Stattdessen selbst Trainerin zu werden, schiene mir eher ein Happy End a la Mi Ae: auf den ersten Blick wirkt die Kleinste unter den Spielerinnen, die sich grade darum einst Maradona zum Vorbild gewählt hatte, eher abweisend, verschlossen, skeptisch und schroff. Aber sie macht sich viele Gedanken um das Team und das Ganze; ermutigt die Jungen, gratuliert den Kolleginnen und hadert mit sich nach einem verlorenen Spiel, statt anderen Vorwürfe zu machen. Wenn sie einen Ball nicht verloren gibt, bis sie in die Bande kracht, höher springt als die größte Amerikanerin und sich in selbst auferlegtes Extratraining verbeißt, weil sie meint, versagt zu haben, so scheint das weit weniger ihrem Ehrgeizig zu entspringen, als ungeheurem Verantwortungsbewusstsein für den eigenen Anteil am Erfolg oder Scheitern aller.
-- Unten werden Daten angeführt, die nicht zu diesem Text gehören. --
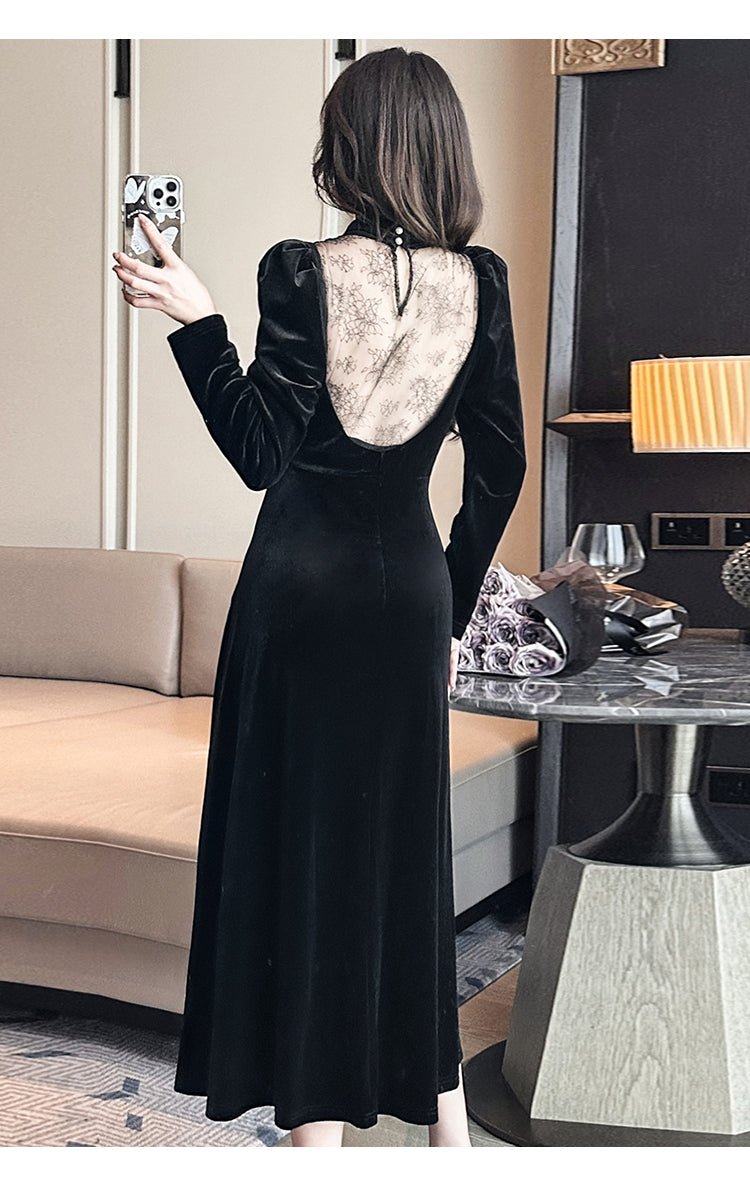 2023 Autumn and Winter Annual Party Party Dress Skirt ~ French Style Hepburn Elegant Half Turtleneck Lace Stitching Velvet Dress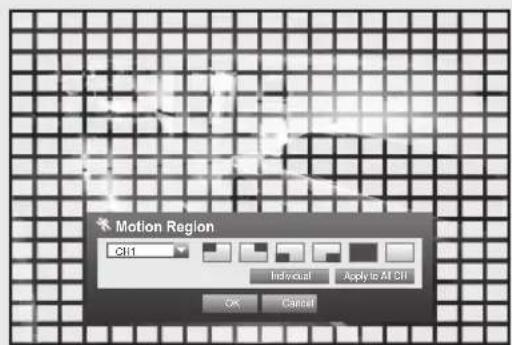 Motion Region CH1 Individual Apply to AI CH1 OK Cancel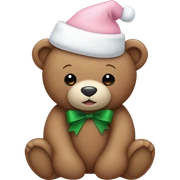 teddy bear with a pale pink christmas hat and a white bow sticker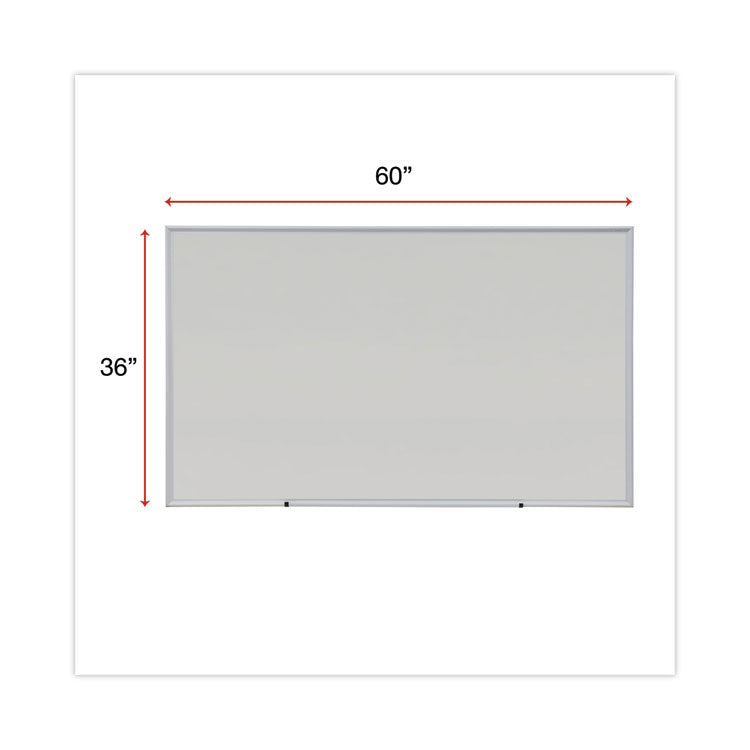 Universal® Deluxe Melamine Dry Erase Board, 60 x 36, Melamine White Surface, Silver Anodized Aluminum Frame (UNV43625)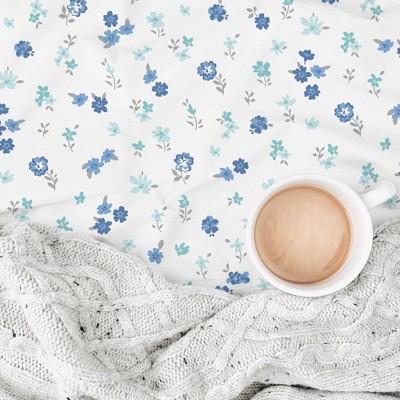 California King Blue Floral Cotton Sheet Set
Doch nach dem unfreiwilligen Aus, dem »schmachvollen Abtritt« kehrt sie, die es nicht geschafft hat, durch ihr Fußballspiel weltberühmt zu werden, dem Sport gänzlich den Rücken. Tapfer kämpft sie um einen neuen Platz im gesellschaftlichen Leben, und versucht sich nicht anmerken zu lassen, wie sehr sie das Rennen auf dem weiten Feld vermisst, die Kameradinnenschaft mit den anderen Frauen, mit denen gemeinsam sie so vieles erlebt, vieles erreicht hat. Dass alle Freundinnen mittlerweile verheiratet sind, die meisten Kinder haben, lässt sie an ihrem eigenen Status nicht zweifeln: sollte die Zeit kommen, sollte sich ein Mann finden, der sie ehrlich liebt, dann wird man sehen ... . Inzwischen schließt sie neue Freundschaften mit Frauen aus dem neuen beruflichen Umfeld, holt ihre Mutter, ihre Schwester und deren kleinen Sohn aus der Provinz zu sich nach Pjöngjang, in die Wohnung, die sie vom Staat als Belohnung für ihre sportlichen Leistungen erhalten hat. Sie lässt sich nicht unterkriegen, die kleine Verteidigerin mit dem großen Herz.